Kajagoogoo charted three or four singles after “Too Shy” in the UK as well.

As for not liking those two pop gems… to each his/her own, I suppose.

Worst song, worst one-hit-wonder - just worst is, of course Never Been to Me by Charlene .

Yes, yes, I post that all the time. I may post it in Worst Buffy Episode sometime and I never watched Buffy. It’s just that bad.

Well, I can’t remember anything else by them, but that could be just a repressed memory.

I like Brandy, you’re a fine girl, what a good wife you would be, but my life, my lover, my lady is the sea… strolls off humming

This thread would be incomplete without at least an honorable mention for Playground in my Mind, credited to Clint Holmes although its most annoying moment was the cloying child singer warbling, “My name is Michael, I got a nickel, I got a nickel shiny and bright”.
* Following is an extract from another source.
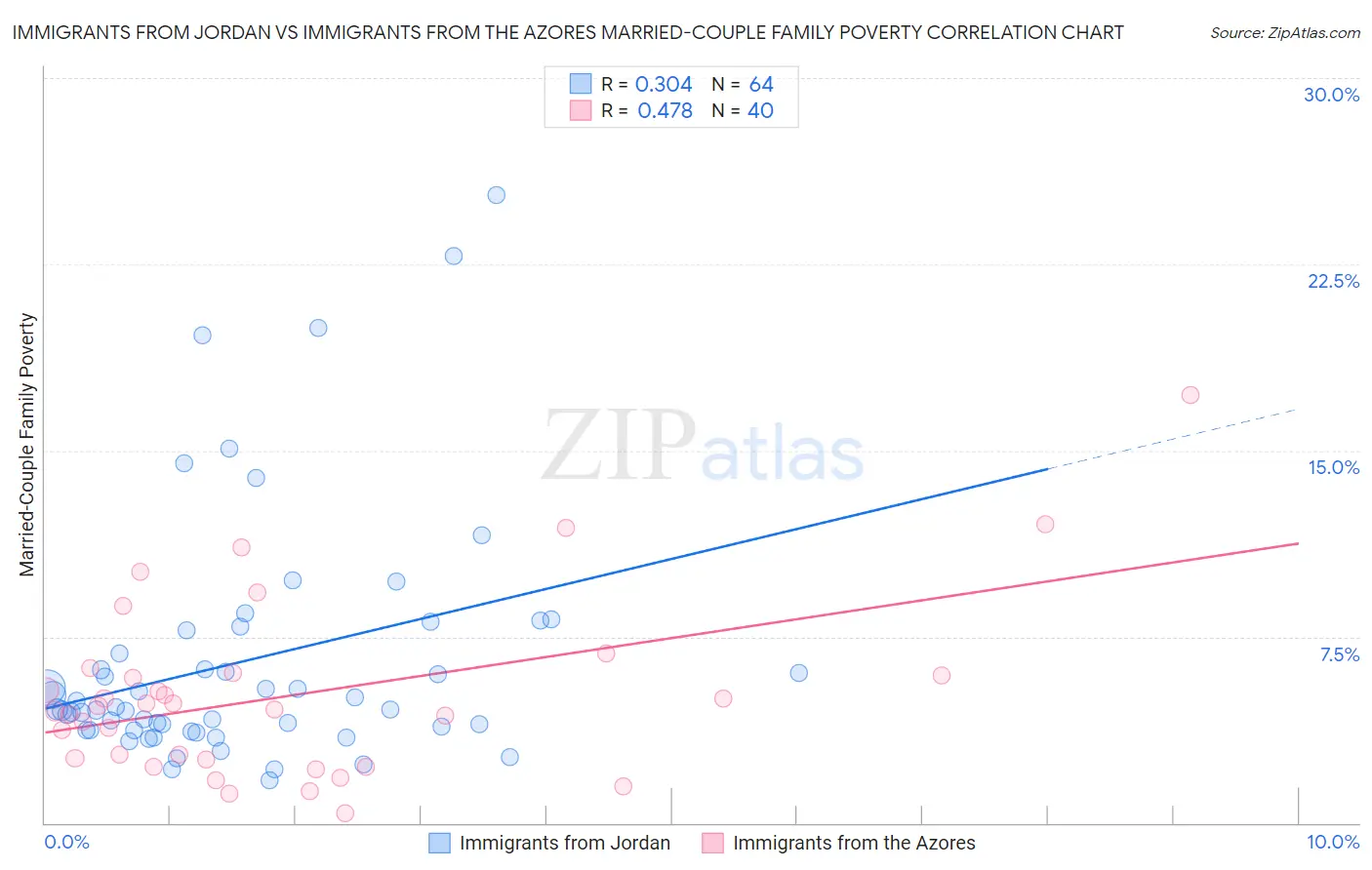 Immigrants from Jordan vs Immigrants from the Azores Married-Couple Family Poverty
And of course, any mention of Holmes reminds one of Rupert Holmes, but the execrable Pina Colada Song isn’t eligible because Rupert charted a couple of other times.

Nor were America. (So, it wasn’t even a one-hit song!)
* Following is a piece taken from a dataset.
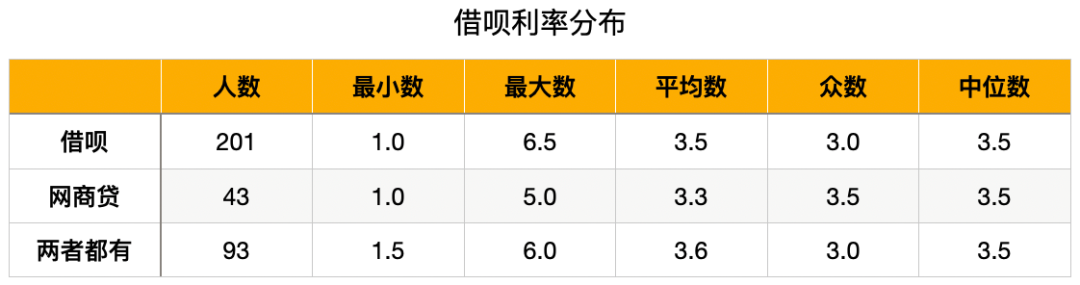 为什么别人的蚂蚁借呗利率万1.5,而你的却是万4?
David Geddes scored a #5 and a #18 on the top 40, with two of the ickiest songs in the world: “Run Joey Run” about a pair of star-crossed lovers - the girl is pregnant and tells her father she’s going to marry the boy, but the father tries to shoot the boy and accidentally kills the daughter instead; and “Last Game Of The Season (The Blind Man in the Beachers)” about a baseball player whose blind dad dies, and therefore finally sees his son play (apparently from a seat in heaven.)

Uber-ACK from a hack.

Absolutely. Hell, America did the whole soundtrack to The Last Unicorn with original songs. That mean that to certain of us (i.e ubergeeks under the age of 35), it was mildly surprising that America had “regular” hits. :cool:

:smack:

I meant to add, though Geddes was a two-hit wonder, I think it’s noteworthy that BOTH of them were dreadful.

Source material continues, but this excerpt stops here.